Tuesday, March 24, 2009


perspicacious [pûr-spĭ-KAY-shəs]
adj. having keen mental perception and understanding; discerning; acutely insightful and wise

[From Latin perspicere ("to look through") from per- ("through") specere ("to look")+ ]

The spic in perspicacious, conspicuous and suspicious has the same root as the spect in common English words like inspect and respect. In all of them, the root means "to look."

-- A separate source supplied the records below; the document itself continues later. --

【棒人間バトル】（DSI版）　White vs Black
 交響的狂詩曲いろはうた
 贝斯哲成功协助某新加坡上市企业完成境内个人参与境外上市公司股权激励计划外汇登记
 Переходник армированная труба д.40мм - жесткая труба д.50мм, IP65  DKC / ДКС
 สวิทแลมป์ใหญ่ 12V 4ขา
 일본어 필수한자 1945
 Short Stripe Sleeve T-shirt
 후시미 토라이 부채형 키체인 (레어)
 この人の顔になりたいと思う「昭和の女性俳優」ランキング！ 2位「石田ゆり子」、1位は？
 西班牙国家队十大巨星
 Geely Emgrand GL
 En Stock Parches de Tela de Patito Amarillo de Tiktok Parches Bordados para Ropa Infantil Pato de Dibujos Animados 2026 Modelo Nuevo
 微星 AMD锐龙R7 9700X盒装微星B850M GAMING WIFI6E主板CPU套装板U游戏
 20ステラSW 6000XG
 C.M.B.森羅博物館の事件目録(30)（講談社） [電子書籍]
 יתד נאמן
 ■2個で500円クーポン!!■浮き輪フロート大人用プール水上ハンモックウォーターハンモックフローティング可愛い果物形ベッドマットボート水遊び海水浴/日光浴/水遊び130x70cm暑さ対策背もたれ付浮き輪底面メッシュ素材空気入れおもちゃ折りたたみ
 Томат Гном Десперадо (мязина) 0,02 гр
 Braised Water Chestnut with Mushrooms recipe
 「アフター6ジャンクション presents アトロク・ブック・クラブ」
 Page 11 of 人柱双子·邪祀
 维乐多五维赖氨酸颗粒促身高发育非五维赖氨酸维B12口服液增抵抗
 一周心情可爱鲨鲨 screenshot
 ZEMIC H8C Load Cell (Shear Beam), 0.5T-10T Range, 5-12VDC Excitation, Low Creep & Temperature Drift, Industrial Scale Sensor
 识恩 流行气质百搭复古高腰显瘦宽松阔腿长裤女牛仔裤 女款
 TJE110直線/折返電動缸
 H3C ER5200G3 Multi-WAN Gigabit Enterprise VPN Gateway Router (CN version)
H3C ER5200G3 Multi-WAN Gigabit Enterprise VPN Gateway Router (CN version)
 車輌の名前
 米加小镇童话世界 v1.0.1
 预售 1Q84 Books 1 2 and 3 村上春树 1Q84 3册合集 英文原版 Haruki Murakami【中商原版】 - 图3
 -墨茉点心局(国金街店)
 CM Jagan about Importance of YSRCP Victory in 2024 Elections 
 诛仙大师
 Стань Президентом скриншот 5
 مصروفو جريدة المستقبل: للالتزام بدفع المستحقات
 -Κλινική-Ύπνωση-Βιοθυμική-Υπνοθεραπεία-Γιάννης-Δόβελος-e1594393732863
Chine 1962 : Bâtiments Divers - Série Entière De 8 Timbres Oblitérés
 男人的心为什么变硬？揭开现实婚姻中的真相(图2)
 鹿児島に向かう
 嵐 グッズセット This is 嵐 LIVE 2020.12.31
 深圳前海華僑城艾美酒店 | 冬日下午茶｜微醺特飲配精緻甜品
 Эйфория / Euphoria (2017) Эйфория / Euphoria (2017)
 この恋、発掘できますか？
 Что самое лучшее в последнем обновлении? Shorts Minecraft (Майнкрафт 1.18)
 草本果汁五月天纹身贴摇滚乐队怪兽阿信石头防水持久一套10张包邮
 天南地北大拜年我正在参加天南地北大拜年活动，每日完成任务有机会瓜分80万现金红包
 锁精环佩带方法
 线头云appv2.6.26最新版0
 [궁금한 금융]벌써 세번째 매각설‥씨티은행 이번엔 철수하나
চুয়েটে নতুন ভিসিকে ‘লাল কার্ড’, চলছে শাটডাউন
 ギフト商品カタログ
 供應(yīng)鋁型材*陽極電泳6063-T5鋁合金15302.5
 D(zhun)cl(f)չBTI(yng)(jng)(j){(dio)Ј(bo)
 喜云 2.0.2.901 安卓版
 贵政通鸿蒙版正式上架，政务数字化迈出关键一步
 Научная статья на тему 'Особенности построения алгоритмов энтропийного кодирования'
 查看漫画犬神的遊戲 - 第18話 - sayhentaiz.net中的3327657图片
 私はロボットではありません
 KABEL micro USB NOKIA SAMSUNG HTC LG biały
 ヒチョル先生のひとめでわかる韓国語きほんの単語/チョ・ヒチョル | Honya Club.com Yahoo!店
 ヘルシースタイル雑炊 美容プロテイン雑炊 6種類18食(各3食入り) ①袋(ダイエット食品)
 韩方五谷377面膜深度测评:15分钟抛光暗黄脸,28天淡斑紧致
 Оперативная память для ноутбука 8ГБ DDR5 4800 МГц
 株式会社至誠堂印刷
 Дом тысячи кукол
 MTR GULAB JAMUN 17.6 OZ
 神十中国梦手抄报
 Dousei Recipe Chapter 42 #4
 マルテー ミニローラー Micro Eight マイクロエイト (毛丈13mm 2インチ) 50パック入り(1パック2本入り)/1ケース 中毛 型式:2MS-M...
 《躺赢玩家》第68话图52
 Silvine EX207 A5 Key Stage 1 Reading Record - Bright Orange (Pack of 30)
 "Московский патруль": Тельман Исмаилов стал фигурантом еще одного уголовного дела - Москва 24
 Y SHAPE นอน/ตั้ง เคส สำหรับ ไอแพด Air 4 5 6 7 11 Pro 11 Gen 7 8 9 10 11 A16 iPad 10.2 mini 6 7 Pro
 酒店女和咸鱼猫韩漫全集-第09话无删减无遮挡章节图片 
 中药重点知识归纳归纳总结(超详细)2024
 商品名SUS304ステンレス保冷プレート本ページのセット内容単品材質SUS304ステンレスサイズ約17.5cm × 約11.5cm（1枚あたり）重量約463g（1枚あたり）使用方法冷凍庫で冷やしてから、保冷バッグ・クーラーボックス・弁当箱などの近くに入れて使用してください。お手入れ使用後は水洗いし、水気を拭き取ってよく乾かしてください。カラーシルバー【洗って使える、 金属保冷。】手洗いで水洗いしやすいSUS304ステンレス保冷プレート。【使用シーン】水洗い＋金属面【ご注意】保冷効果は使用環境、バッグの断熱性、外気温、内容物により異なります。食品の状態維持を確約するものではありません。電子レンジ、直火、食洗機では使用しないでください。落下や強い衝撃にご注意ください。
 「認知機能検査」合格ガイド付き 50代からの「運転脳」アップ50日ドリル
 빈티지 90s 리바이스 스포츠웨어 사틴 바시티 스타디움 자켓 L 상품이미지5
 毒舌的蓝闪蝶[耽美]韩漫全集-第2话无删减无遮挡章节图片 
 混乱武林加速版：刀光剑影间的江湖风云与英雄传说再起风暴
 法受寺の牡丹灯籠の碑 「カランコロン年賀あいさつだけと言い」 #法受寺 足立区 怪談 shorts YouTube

Aspect is "a way in which something is looked at." To be circumspect is "looking around; cautious and careful not to take risks." Something conspicuous is "easy to look at; or easy to see." A conspectus is "a general survey, one which looks fully at a subject." To inspect is "to look into; to examine carefully." To introspect is "to look inside oneself; to reflect on one's own thoughts and feelings." To prospect is "to look forward; to search for something (as minerals)." To respect is "to look back at (in admiration); to feel or show deferential regard for." A suspect is "someone you look at from below."

In the New York Times's obituary of William F. Buckley, Douglas Martin credits the prolific author and founder of The National Review with perspicacity:
William F. Buckley Jr., who marshaled polysyllabic exuberance, famously arched eyebrows and a refined, perspicacious mind to elevate conservatism to the center of American political discourse, died Wednesday at his home in Stamford, Conn. He was 82.